Rather than using only one algorithm, I decided to use a stacking method that used the following optimized algorithms to create meta features and use those meta features along with the initial features presented as inputs to an xgboost model:
- K Nearest Neighbors (grid)
Size | Decay | maxit |
1 to 10 | Exp([-15 to -5 with by = 5]) | [200 to 1000] by = 100 |
- Neural Networks (grid)
Size |
[1 to 134] by = 2 |
- LDA (Linear Discriminant Analysis)
- QDA (Quadratic Discriminant Analysis)
- Multinomial logistic regression
Once the meta features were created, I used xgboost to predict the results of the matches and got the following results:
Draw (Real) | Loss (Real) | Win (Real) | |
Draw Predicted) | 0 | 3 | 0 |
Loss (Predicted) | 133 | 248 | 110 |
Win (Predicted) | 314 | 257 | 707 |
Sensitivity for Win/Draw | Specificity for Win/Draw | Sensitivity for Win/Loss | Specificity for Win/Loss | Overall Accuracy |
100% | 0% | 86% | 49% | 54% |
Although this model performed better than predicting all wins, for its complexity, it is not an improvement on the results obtained from using only xgboost and neural network algorithms.
Conclusion/Recommendation
For this project, I collected data from Kaggle, cleaned it up to deal with null cases, merged certain tables, and performing feature selection in order to visualize the data and perform some machine learning algorithms in an attempt to correctly predict the outcome of the soccer games.

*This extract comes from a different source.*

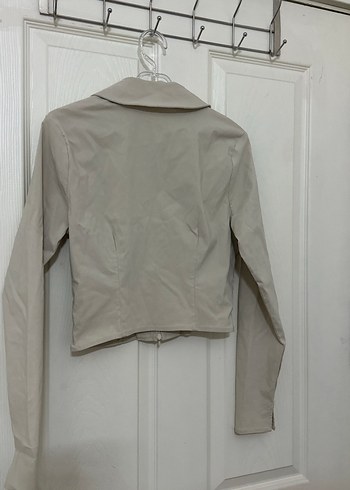 Bej Kısa Kesim Kadın Keten Gömlek lefties önü fermuarlı - Görsel 6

Although many simple and complicated models were created to accurately predict the outcomes of soccer games, and we were able to predict better than the null case, it appears that the features need to be revisited in order to obtain better model results. We could consolidate certain features such as player attributes, or drop certain features to simplify model since model complexity. Another issue could be that more data needs to be collected to better reflect a more even distribution of the win/loss/draw classes. This could potentially assist in correctly predicting the outcome of the soccer matches.